In short, Brownson was willing to sacrifice a very great evil (i.e. slavery) for the sake of defeating two greater evils (i.e. national banks and protective tariffs). To Brownson, this was a life-or-death situation for America, and despite following his conscience, Calhoun-conservatives got much worse than Van Buren—because of Brownson. Consequently, tyranny took a greater leap forward (using Calhoun-conservative standards).
Let’s learn from Brownson
Seeing Brownson’s actions should make us wiser today. Despite Brownson’s prediction that America was on the brink of destruction, the truth is, America wasn’t—even with Polk (the “greater of evils”) becoming President. And despite Brownson’s belief that his loose rhetoric was good for the nation, the elections proved otherwise.
Human nature tends to exaggerate the evils people find greater than other evils; but in reality, the perceived evil (while evil in some respects) does not reach the kind of evil that contradicts human nature in political society. John Stuart Mill recognized this tendency:
[Englishmen] have seen so many changes made, from which, while only in prospect, vast expectations were entertained, both of evil and of good, while the results of either kind that actually followed seemed far short of what had been predicted…The predictions were often erroneous as to the suddenness of the effects, and sometimes even as to the kind of effect.
In reality, America continued very strongly from 1844 despite Brownson’s doomsday prophecy. One could even say that America’s stronger days came well after 1844 even though “evils” (according to Calhoun-conservatives) became the norm for America, such as national banks and tariffs, along with many other “evils” patriots of yesteryear found “insupportable.” In other words, Experience disproved the vehement attacks of the Calhoun-conservatives.
Let’s be clear minded about which arena we are operating in
Have we reached the point of “last extremity” where revolution becomes ripe? No. Even if revolution is somehow “ripe,” the weight of evidence proving this must be equivalent to Revolution’s weight; it must be brought to the forefront; and the people in large must render a verdict accordingly.

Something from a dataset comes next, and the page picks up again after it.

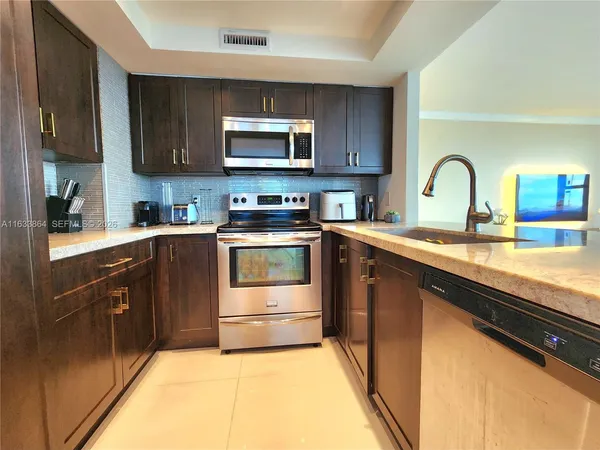 a kitchen with stainless steel appliances granite countertop a sink a stove top oven and cabinets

Those who claim revolution is ripe (meaning our political remedies exist outside the system) have the burden of proving with the “highest evidence” that revolution is not only ripe but also necessary to prevent the greater evils that take place from the system. Those who claim that we should not use voting and amending the Constitution to effect positive change in our society have the heavy burden of proving that we should abandon these constitutional remedies and follow them into the darkness of revolution. In short, they must use the LEP because it is the only way to motivate people to join a revolution.

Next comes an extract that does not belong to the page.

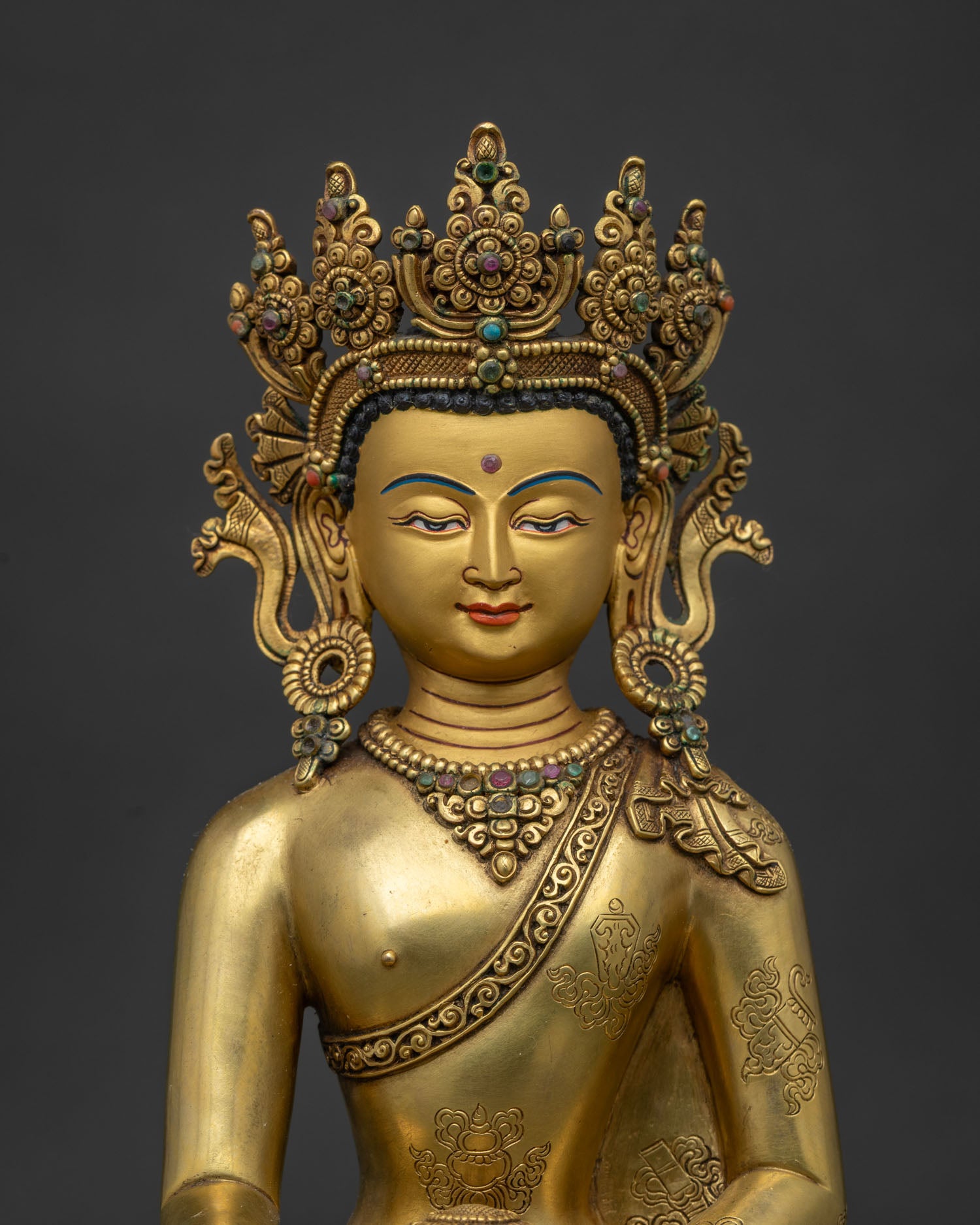 Close up view of Shakyamuni Buddha statue showing serene gold painted face and detailed crown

To my knowledge, no one has met such a heavy burden. As such, we should act reasonably and continue using the system to make changes for our improvement. This means voting responsibly and amending the Constitution when voting cannot change the rule of law. These two methods of political remedy are what the Founders expressly implanted into our Republic to promote stability and change and prevent violence.
For those who think the LEP is evil. Think again. It is the root of most political decisions that seek to improve and better mankind, inside and outside the system.
 Brownson, Orestes, The Works of Orestes A Brownson, From Brownson’s Quarterly Review for April 1844, Collected by Henry F. Brownson (Detroit ,Thorndike Nourse, 1884) 475.
 See, http://www.csustan.edu/english/reuben/pal/chap4/brownson.html.
 John Stuart Mill, On Socialism and Utilitarianism, (Chicago, Morrill, Higgins, 1892), 9.